BY Nick Judd | Monday, June 13 2011

Coming late to today's what-to-do-about-tracking-federal-spending party is OMB Watch, an organization that has long been a primary source of information on the story behind the story about how the government spends your money, which today released a letter signed by more than 30 transparency and good-government groups that implores the House of Representatives' appropriations committee to re-up the E-Government fund. That fund is the pool of money that finances initiatives like USASpending.gov and the Federal IT Dashboard.

The fund faces a cut in funding to $2 million from $34 million, which, other groups have previously pointed out, would probably stick a fork in ongoing efforts to develop new means of communicating online about the activities of government.

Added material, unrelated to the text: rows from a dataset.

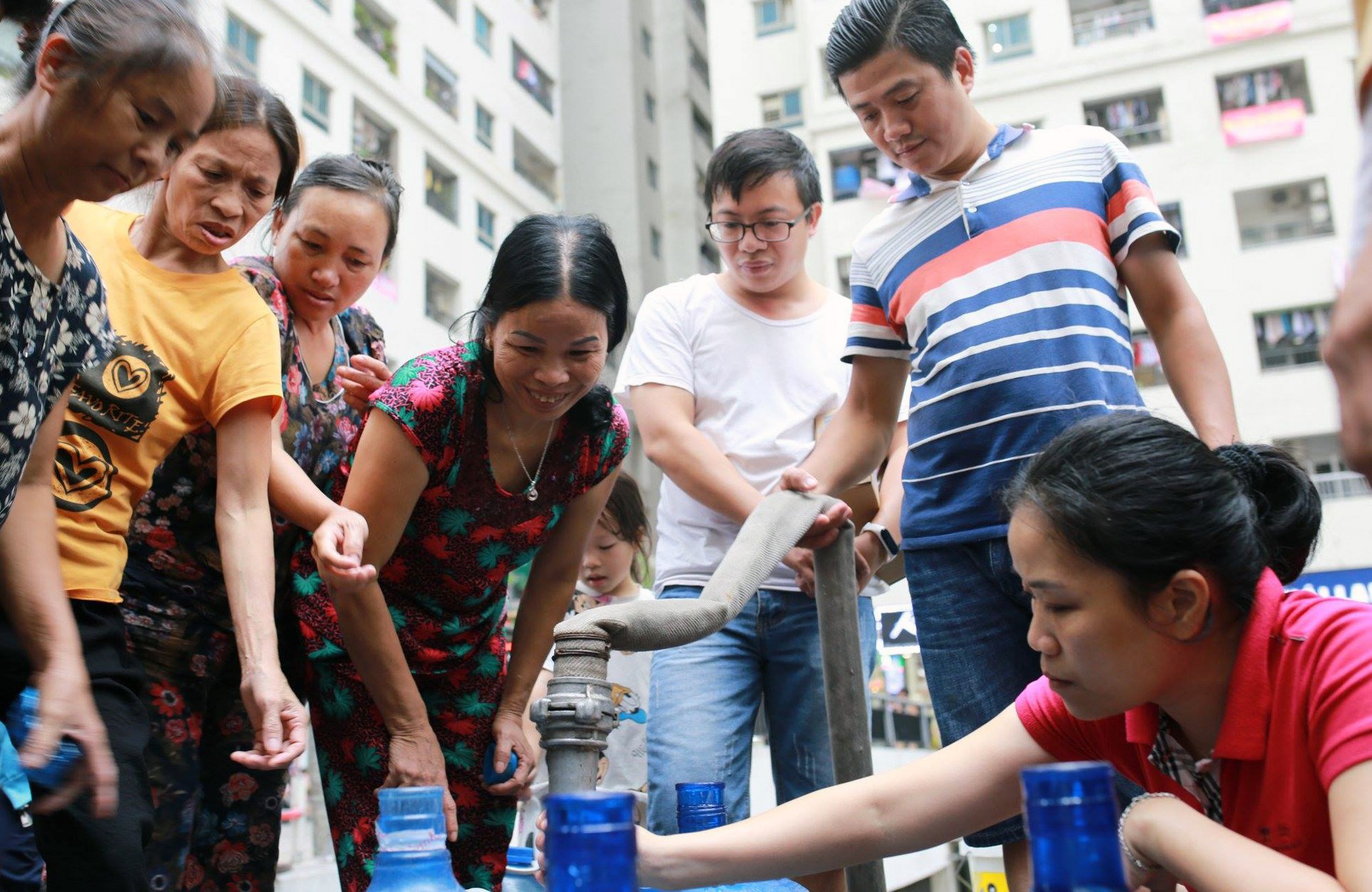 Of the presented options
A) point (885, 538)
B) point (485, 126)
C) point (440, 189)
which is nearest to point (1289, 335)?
point (440, 189)

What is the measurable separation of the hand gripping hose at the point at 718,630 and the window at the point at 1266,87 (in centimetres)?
1968

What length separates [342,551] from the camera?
2051mm

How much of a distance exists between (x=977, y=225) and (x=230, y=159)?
1373 mm

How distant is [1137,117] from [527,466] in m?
19.8

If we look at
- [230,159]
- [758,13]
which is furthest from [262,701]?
[758,13]

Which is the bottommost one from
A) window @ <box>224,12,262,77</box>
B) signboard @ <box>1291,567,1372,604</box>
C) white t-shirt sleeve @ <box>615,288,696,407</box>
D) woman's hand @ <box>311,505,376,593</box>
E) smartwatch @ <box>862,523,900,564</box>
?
signboard @ <box>1291,567,1372,604</box>

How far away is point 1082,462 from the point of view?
1512mm

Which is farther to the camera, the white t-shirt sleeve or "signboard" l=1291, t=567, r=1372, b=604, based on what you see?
"signboard" l=1291, t=567, r=1372, b=604

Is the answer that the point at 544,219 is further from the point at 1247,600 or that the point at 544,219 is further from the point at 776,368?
the point at 1247,600

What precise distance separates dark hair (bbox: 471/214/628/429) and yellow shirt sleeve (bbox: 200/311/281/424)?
1.25 ft

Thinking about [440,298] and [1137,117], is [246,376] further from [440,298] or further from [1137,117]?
[1137,117]

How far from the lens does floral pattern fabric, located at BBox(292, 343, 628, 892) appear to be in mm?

With White House and House oversight committee announcements today of new proposals concerning federal spending, different groups have now announced three directions on the table for federal disclosure, all on the same day.

House Committee on Oversight and Government Reform Chairman Darrell Issa wants to change the system through which federal agencies and recipients of federal funds report spending by the government, updating it to rely on electronic reporting — with the eventual possibility of real-time disclosure — and creating a new entity solely focused on tracking federal spending. That would digitize federal spending, come with its own $51 million annual appropriation, and supersede the transparency efforts the folks at OMB Watch are hoping stick around. The administration wants to create a similar federal entity but give it a more limited onus — streamline spending, reduce waste and increase efficiency across agencies, with attention paid to more sensible spending online, rather than track all federal spending in a totally new way as Issa's proposal would. And OMB Watch, which has yet to chime in on either of these initiatives — but surely will — reiterates the call to restore funding for the initiatives that were already there.